Things that cause me to "struggle" with other people aren't strongly related to personality type but the typology of _how_ different types wear on me _if_ they wear on me is reliable. 6s can be alarmists, downers and nit-pickers, 7s unreliable and incapable of dealing with negativity. 1s and 3s sometimes seem to confuse what they believe they ought to be or what they want to project with what/how they actually are (lack of self awareness), 1s can be stringent literalists and 3s mistake superficial/functional familiarity for depth of understanding. 5s can become so stubbornly/avoidantly self-contained that the thinking they pride themselves on lacks empiricism. 9s can be passive aggressive, or just too passive. 2s may use guilt to manipulate and when unhealthy really pivot between victim and savior poles. 8s can become domineering/bowl over people with less presence than they have, to no particularly positive effect. 4s sometimes seem to feel simultaneously inferior and superior, and spend all their time thinking about it, and the internal contradiction can turn them obnoxious and mean.


----------



## Ms. Aligned (Aug 26, 2021)

paradox_conqueror said:


> And of course E8s: domineering, tough-minded to the extreme, often having something like a 'vice-grip' over people or certain issues, and, at times, they simply cannot lay-off. They are also 'thinking types,' because they simply do not like emotions and they therefore walk all over everybody else's feelings...

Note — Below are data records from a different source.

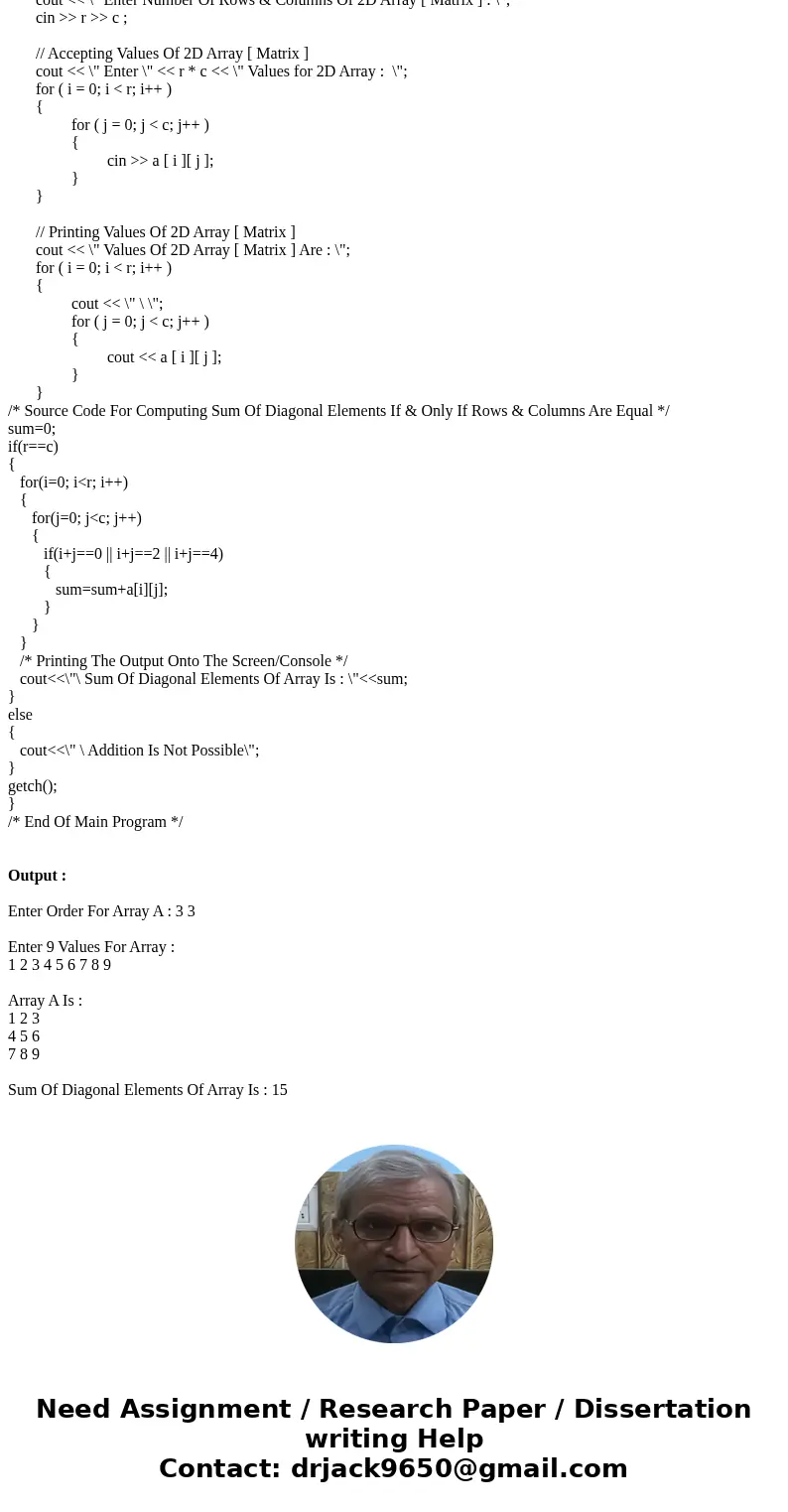 you are required to write an interactive object oriented program which performs the following tasks: Reads 16 integers into two-dimensional array. Prints the c  you are required to write an interactive object oriented program which performs the following tasks: Reads 16 integers into two-dimensional array. Prints the c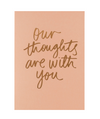 Our Thoughts Are With You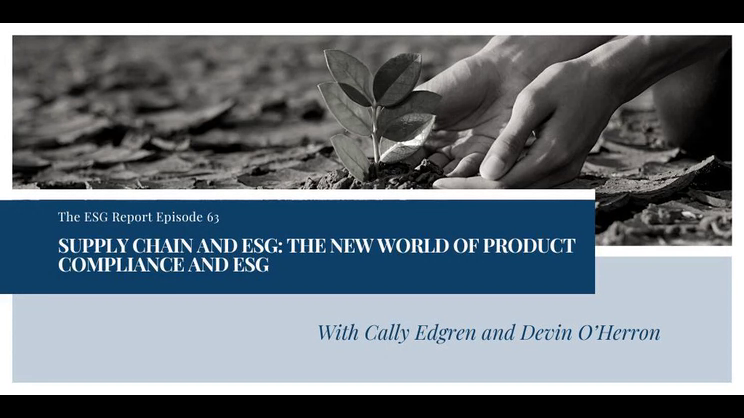 The ESG Report - Supply Chain and ESG: The New World of Product Compliance and ESG with Cally Edgren and Devin O'Herron | Thomas Fox - Compliance Evangelist - Vimarsana News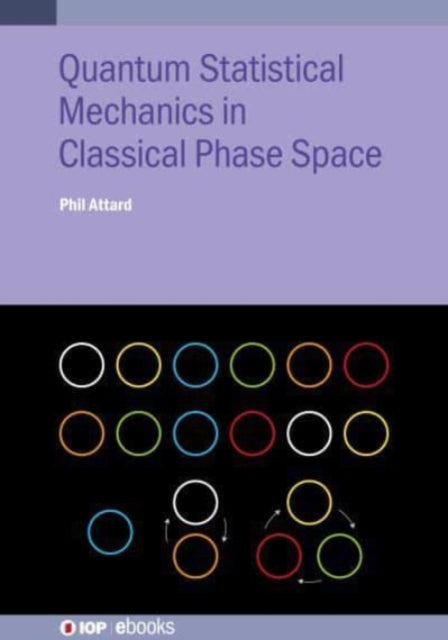 Book cover of: Quantum Statistical Mechanics in Classical Phase Space. By: ATTARD
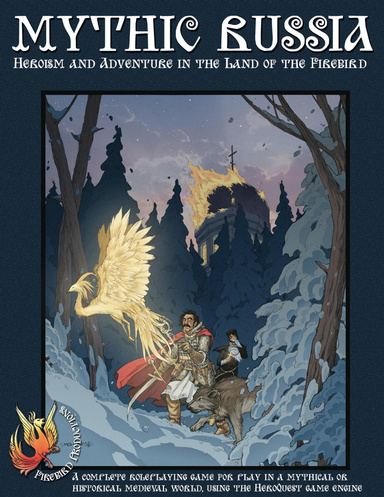 Mythic Russia: Heroism and Adventure in the Land of the Firebird: A Complete Roleplaying Game for Play in a Mythical or Historical Medieval World, Using the HeroQuest Game Engine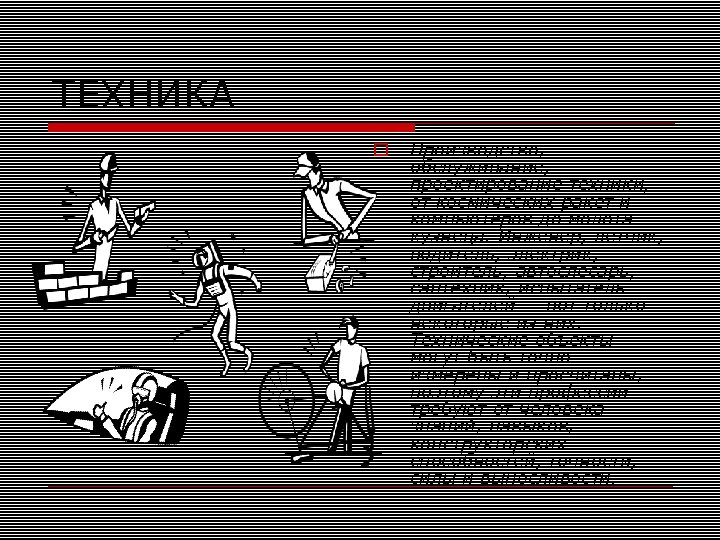 ТЕХНИКА Производство, обслуживание, проектирование техники, от космических ракет и компьютеров до молота кузнеца. Инженер,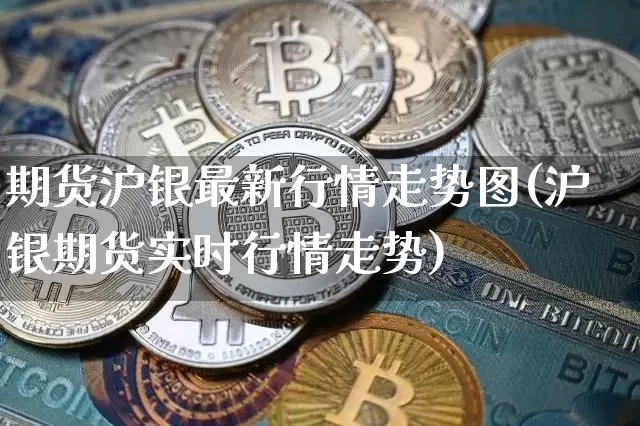 期货沪银最新行情走势图(沪银期货实时行情走势)_https://www.jianghaiboli.com_黄金期货_第1张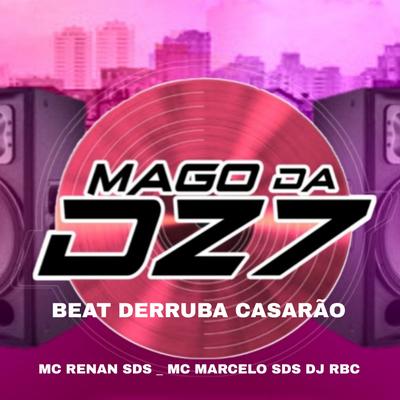 BEAT DERRUBA CASARÃO By MAGO DA DZ7, MC RENAN SDS, MC MARCELO SDS's cover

As an 8 myself, I can tell you...we have 0 desire to control anyone else and will only take to control when we feel personally threatened, or there is a gap in leadership. It's all about self control...maybe sometimes to a fault. 

That said, everything you just described could also pertain to someone protesting their rights, unapologetically.


----------



## Lorem Ipsum (Apr 4, 2012)

Ms. Aligned said:


> As an 8 myself, I can tell you...we have 0 desire to control anyone else and will only take to control when we feel personally threatened, or there is a gap in leadership. It's all about self control...maybe sometimes to a fault.
> 
> That said, everything you just described could also pertain to someone protesting their rights, unapologetically.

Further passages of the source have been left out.